# Equipment for the house...



## SK-XO (Aug 6, 2009)

Can anyone recommend me something for the house that would say clip on to a door or something, a bar that I could do pull ups or wide grip pulls up's (wide grip is a must to be able to do). Problem is currently living with parents so can't destroy the house with holes in the walls or doors lol. thx


----------



## Hunter84 (Dec 23, 2008)

This caught my eye on telly the other night

http://irongymfitness.com/the-iron-gym-%E2%80%93-the-world%E2%80%99s-1-home-workout-system/

Uses leverage instead of screws!! :thumbup1:


----------



## Danjal (Aug 4, 2009)

Asda are selling them at the moment I think.
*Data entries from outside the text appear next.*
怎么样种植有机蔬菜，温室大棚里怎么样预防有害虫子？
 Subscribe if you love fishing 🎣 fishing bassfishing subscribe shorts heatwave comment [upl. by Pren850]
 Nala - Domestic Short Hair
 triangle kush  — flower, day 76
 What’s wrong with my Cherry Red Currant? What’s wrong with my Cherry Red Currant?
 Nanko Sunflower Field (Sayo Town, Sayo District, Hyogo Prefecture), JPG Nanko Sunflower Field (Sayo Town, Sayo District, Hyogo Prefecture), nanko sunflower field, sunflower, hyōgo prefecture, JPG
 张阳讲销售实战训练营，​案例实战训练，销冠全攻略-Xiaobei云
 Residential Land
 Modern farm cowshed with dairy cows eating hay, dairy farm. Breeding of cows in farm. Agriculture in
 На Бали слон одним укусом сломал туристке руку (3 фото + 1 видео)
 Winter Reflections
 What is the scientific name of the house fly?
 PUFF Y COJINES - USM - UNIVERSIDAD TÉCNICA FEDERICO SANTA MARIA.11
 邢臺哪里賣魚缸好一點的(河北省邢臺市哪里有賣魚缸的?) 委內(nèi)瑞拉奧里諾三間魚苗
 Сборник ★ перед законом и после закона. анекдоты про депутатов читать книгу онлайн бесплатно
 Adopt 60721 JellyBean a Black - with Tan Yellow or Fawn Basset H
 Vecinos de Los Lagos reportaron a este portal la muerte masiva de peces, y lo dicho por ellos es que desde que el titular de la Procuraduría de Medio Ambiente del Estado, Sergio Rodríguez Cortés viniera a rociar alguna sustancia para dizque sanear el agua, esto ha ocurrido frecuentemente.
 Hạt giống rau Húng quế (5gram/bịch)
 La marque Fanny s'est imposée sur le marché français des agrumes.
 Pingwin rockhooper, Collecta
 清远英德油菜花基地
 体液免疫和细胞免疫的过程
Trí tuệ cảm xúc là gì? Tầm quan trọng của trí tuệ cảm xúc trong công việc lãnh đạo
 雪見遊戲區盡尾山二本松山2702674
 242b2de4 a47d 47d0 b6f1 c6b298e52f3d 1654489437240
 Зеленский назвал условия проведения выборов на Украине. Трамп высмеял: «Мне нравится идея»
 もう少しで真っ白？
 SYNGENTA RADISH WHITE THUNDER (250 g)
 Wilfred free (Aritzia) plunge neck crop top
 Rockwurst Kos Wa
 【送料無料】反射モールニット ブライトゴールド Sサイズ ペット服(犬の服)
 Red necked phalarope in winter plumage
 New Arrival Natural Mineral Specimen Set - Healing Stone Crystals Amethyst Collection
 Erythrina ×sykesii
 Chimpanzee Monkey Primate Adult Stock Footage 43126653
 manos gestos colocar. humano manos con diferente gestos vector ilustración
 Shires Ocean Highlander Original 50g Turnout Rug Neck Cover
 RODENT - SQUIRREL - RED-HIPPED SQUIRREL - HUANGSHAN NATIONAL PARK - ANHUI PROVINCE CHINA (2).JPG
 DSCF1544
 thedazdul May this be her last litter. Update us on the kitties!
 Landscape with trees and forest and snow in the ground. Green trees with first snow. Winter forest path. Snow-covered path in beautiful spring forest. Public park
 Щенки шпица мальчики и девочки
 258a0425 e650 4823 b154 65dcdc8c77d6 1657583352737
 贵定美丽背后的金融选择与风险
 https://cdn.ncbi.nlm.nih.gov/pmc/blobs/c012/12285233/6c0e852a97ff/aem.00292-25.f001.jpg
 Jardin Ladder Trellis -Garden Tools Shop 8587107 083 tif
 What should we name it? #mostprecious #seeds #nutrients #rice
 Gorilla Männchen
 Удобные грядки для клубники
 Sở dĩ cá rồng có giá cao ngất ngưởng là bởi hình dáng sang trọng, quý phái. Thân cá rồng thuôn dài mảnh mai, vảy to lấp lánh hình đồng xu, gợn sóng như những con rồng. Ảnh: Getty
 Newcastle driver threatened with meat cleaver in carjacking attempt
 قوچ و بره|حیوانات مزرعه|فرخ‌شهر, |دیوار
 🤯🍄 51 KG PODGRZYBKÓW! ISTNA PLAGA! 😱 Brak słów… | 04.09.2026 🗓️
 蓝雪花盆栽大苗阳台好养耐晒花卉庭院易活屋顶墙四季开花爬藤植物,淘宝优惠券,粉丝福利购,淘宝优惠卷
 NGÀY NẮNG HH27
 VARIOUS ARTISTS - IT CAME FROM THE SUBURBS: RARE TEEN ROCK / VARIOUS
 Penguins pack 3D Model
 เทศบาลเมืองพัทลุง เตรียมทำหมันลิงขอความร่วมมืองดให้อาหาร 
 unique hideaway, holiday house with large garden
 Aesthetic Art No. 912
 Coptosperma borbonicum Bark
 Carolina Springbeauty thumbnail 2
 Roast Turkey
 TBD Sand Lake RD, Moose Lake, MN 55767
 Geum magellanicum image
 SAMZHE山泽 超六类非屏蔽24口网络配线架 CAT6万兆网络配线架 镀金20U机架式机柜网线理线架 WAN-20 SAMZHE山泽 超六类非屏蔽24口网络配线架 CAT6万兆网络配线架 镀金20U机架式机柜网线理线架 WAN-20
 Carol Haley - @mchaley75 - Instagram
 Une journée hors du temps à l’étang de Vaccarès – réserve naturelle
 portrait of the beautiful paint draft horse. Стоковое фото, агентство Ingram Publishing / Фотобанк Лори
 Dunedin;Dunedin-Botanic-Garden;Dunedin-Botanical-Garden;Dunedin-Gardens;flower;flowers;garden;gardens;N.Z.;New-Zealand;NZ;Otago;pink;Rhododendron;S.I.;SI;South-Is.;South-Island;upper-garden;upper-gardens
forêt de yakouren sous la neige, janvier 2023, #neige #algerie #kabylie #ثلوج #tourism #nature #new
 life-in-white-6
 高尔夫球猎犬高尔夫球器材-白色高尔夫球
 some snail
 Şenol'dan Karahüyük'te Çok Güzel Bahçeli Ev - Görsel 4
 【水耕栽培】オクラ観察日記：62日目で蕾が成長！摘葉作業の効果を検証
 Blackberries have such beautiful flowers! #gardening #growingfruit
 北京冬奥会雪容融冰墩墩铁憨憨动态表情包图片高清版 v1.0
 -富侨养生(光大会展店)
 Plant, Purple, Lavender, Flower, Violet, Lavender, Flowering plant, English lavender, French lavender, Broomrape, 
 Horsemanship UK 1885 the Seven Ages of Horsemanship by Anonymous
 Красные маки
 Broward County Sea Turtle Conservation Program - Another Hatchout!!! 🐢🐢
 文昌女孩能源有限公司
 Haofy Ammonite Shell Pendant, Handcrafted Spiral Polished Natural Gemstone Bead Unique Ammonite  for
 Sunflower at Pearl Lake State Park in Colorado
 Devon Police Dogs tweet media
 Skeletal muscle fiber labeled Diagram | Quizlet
Was thinking about getting one because I live in a rented house and don't want to have to screw anything into the doors.


----------



## gerg (Aug 17, 2008)

from what i have heard they only fit certain doors, i've seen them sold in boots too for £30


----------



## Greyphantom (Oct 23, 2003)

and the biggest problem I have with things that fit to doors or frames without being attached to the wall via screws/bolts is that they may break the frame... do they have a load limit?


----------



## Van (May 22, 2009)

300 lb is the load limit ^


----------



## bigbob33 (Jan 19, 2009)

I'd rip the door off it's hinges if I used one of those!


----------